Mc 10,35-45
Gli si avvicinarono Giacomo e Giovanni, i figli di Zebedeo, dicendogli: «Maestro, vogliamo che tu faccia per noi quello che ti chiederemo». Egli disse loro: «Che cosa volete che io faccia per voi?». Gli risposero: «Concedici di sedere, nella tua gloria, uno alla tua destra e uno alla tua sinistra». Gesù disse loro: «Voi non sapete quello che chiedete. Potete bere il calice che io bevo, o essere battezzati nel battesimo in cui io sono battezzato?». Gli risposero: «Lo possiamo». E Gesù disse loro: «Il calice che io bevo anche voi lo berrete, e nel battesimo in cui io sono battezzato anche voi sarete battezzati. Ma sedere alla mia destra o alla mia sinistra non sta a me concederlo; è per coloro per i quali è stato preparato». Gli altri dieci, avendo sentito, cominciarono a indignarsi con Giacomo e Giovanni. Allora Gesù li chiamò a sé e disse loro: «Voi sapete che coloro i quali sono considerati i governanti delle nazioni dominano su di esse e i loro capi le opprimono. Tra voi però non è così; ma chi vuole diventare grande tra voi sarà vostro servitore, e chi vuole essere il primo tra voi sarà schiavo di tutti. Anche il Figlio dell’uomo infatti non è venuto per farsi servire, ma per servire e dare la propria vita in riscatto per molti».
Gesù, mentre prosegue il suo
cammino verso Gerusalemme, cerca di istruire, di preparare i suoi discepoli
alla tragica conclusione della sua missione terrena, descrivendone sempre più
apertamente i particolari. I discepoli però dimostrano ancora una volta di non
comprendere le sue parole: per loro Egli è e resta il messia, l’inviato di
Jahweh, con il compito di ristabilire, di ricompattare il regno d’Israele,
riportandolo allo splendore del periodo Davidico.
Non capiscono, non vogliono
capire: e anche questa volta prevale in loro l’idea della restaurazione
politica guidata da Gesù; niente quindi di più naturale che due dei dodici
discepoli, si avvicinino a Lui per fargli delle richieste personali in vista della
sua affermazione gloriosa.

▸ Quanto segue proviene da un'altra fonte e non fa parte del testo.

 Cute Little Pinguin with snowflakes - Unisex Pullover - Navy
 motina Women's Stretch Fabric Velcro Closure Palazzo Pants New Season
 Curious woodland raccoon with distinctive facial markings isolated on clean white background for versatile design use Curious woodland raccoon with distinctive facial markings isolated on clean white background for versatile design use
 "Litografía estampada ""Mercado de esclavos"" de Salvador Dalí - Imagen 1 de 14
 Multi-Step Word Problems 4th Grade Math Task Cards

Si tratta di Giacomo e Giovanni, i figli di Zebedeo:
due personaggi piuttosto singolari, tanto da venire soprannominati i “Boanerghes”,
i figli del tuono, grazie alla loro indole collerica, ambiziosa, prepotente,
suscettibile, sempre pronta alla rissa. E lo dimostrano subito con il tono
perentorio con cui si rivolgono a Gesù: “Noi vogliamo che tu ci faccia”.

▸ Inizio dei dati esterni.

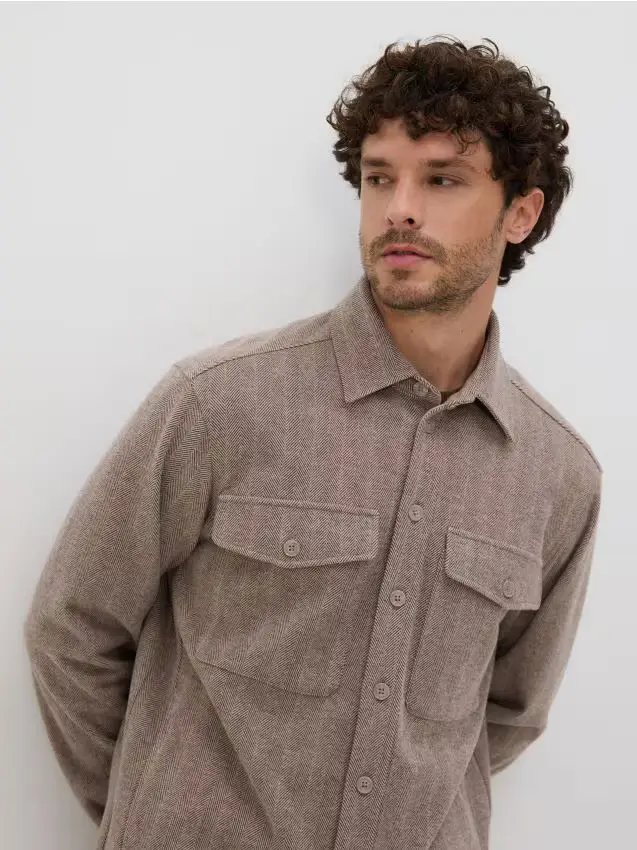 Camicia comfort misto viscosa - beige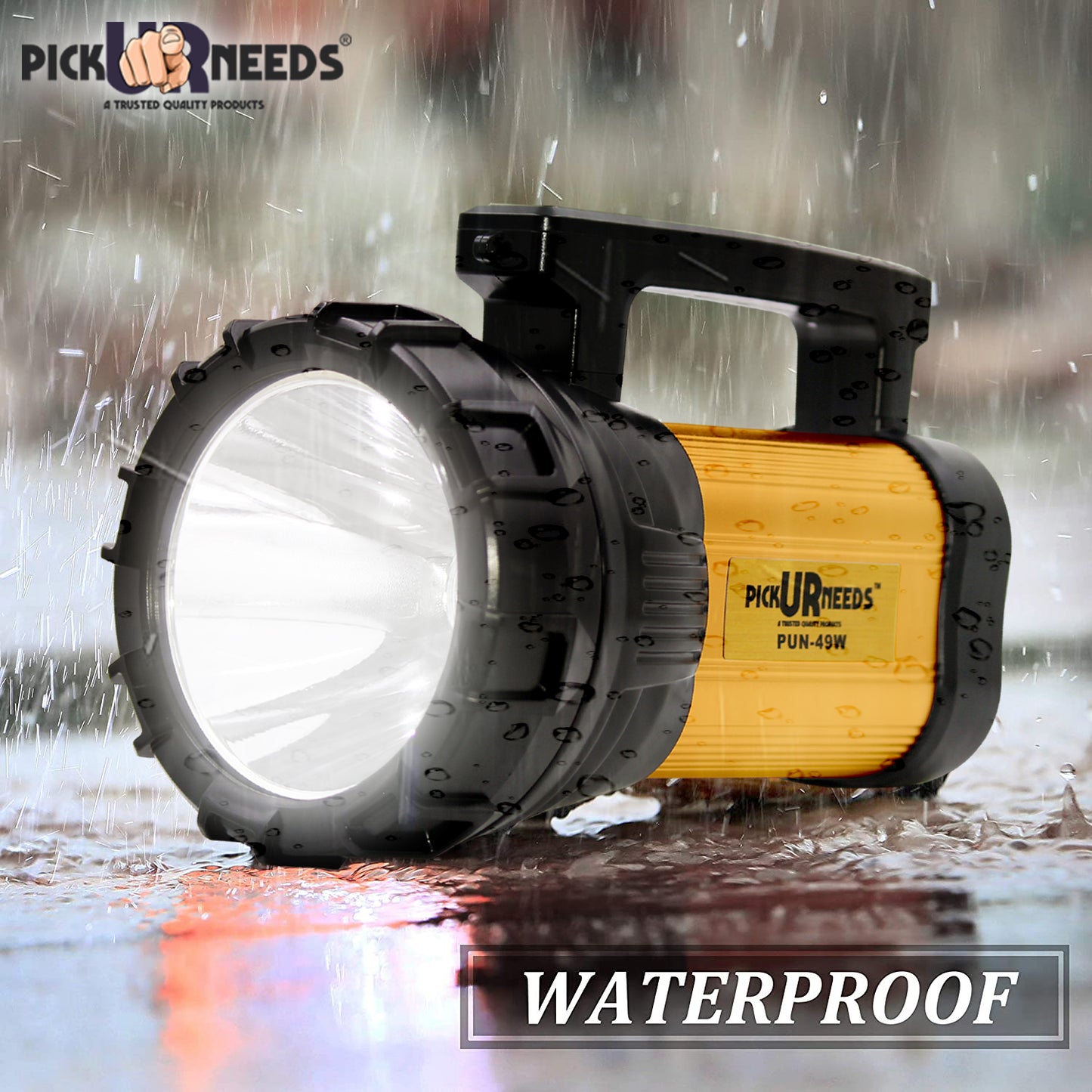 Pick Ur Needs Emergency Rechargeable Search Torch Light Prime Metal 100W Long Range Distance High Power With Power Bank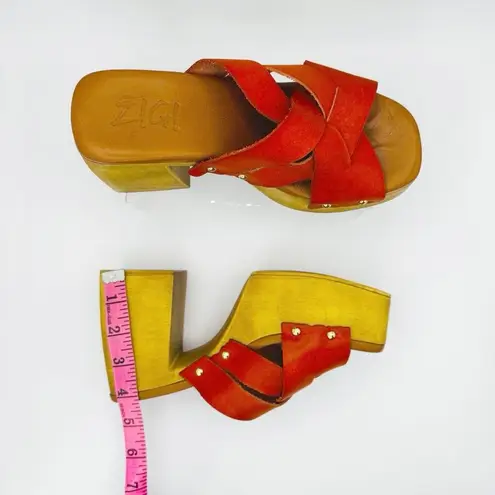 ZIGI Orange block heel Crisscross Suriel Platform Retro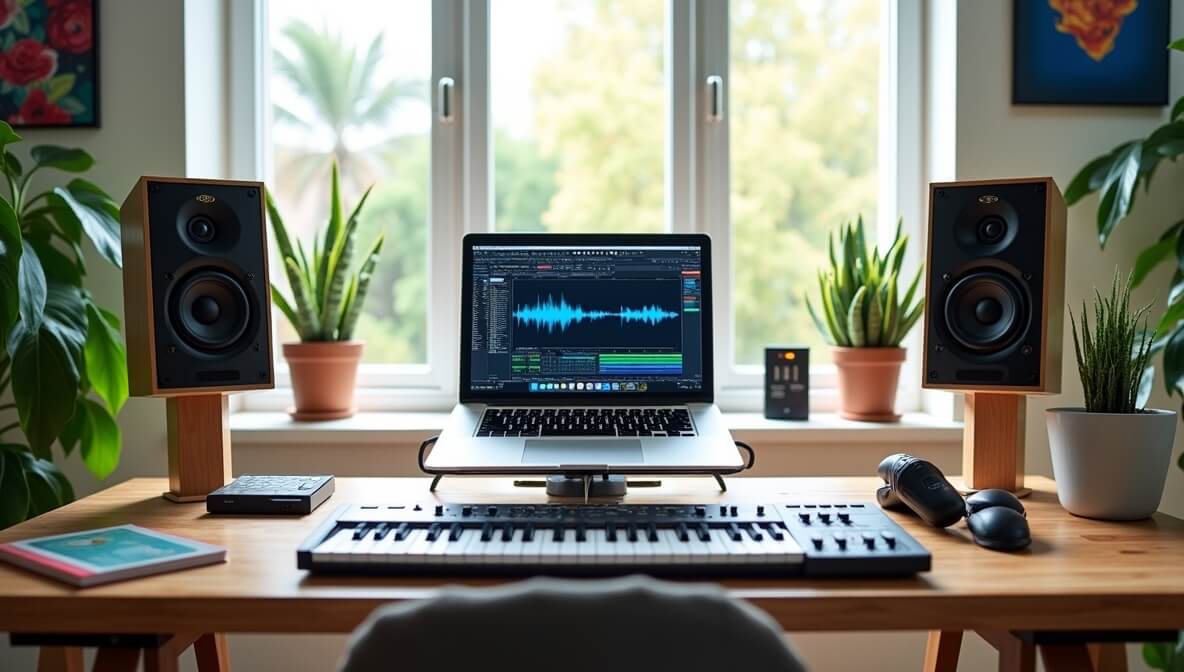 Home studio with laptop running a DAW, MIDI keyboard, and speakers for music production.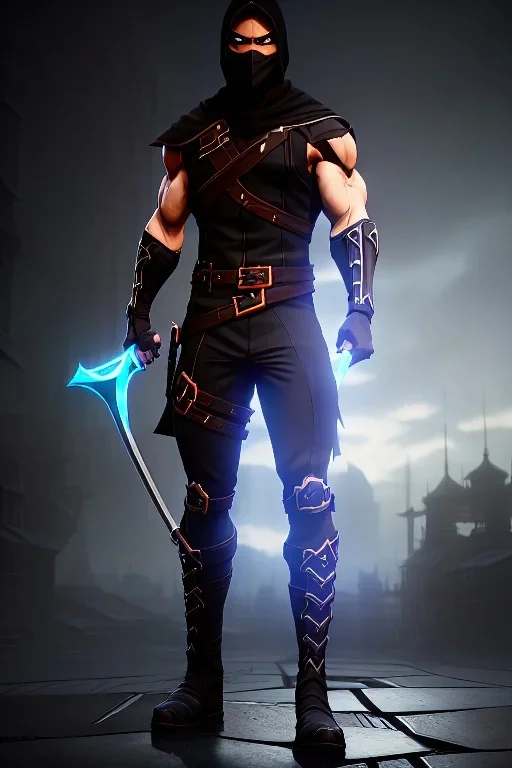 muscular ninja assassin, athletic build, wearing black and gray baggy pants with pockets, black hood and black balaclava mask, big boots, buckles, straps, daggers, dark hazel eyes, eyes are both in proportion and green, 3/4 look, standing, dark cobblestone alley, candle light behind head, intense, non photorealistic rendering in the art style of j.scott campbell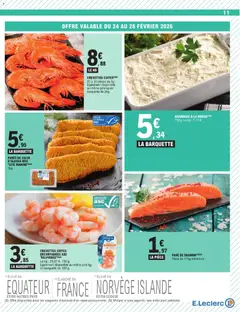 E.Leclerc - Prévisualisation de E.Leclerc catalogue semaine 9 valide à partir de 24.02.2026 | Page: 11 | Produits: Pavé de saumon, Pêche, Morue, Saumon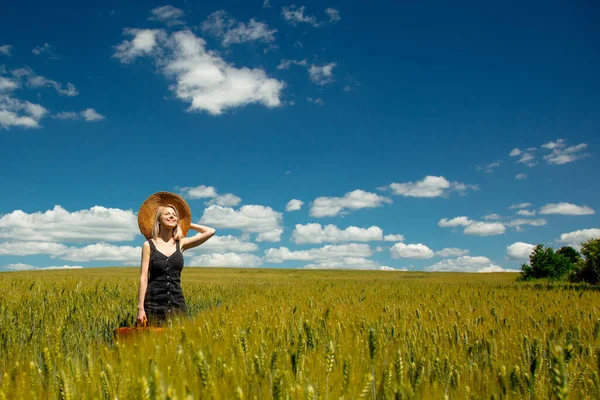 Beautiful Blonde Girl Suitcase Wheat Field Sunny Day — Stock Photo, Image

“Noi vogliamo”: non esprimono un desiderio, il loro è un ordine; non chiedono
umilmente, ma vogliono, esigono, pretendono. Non accettano opposizioni.
Un comportamento decisamente
agli antipodi rispetto a quello di Gesù. Egli è paziente, ascolta tutti, cerca
sempre di capire, di risolvere qualunque problema, di infondere coraggio e
speranza nei bisognosi; quando deve comunicare cose importanti, si ripete,
spiega e rispiega in maniera che tutti comprendano. E nonostante la presunzione
dell’approccio, anche questa volta Egli offre ai suoi interlocutori ampia
disponibilità: “Cosa volete che io faccia per voi?”.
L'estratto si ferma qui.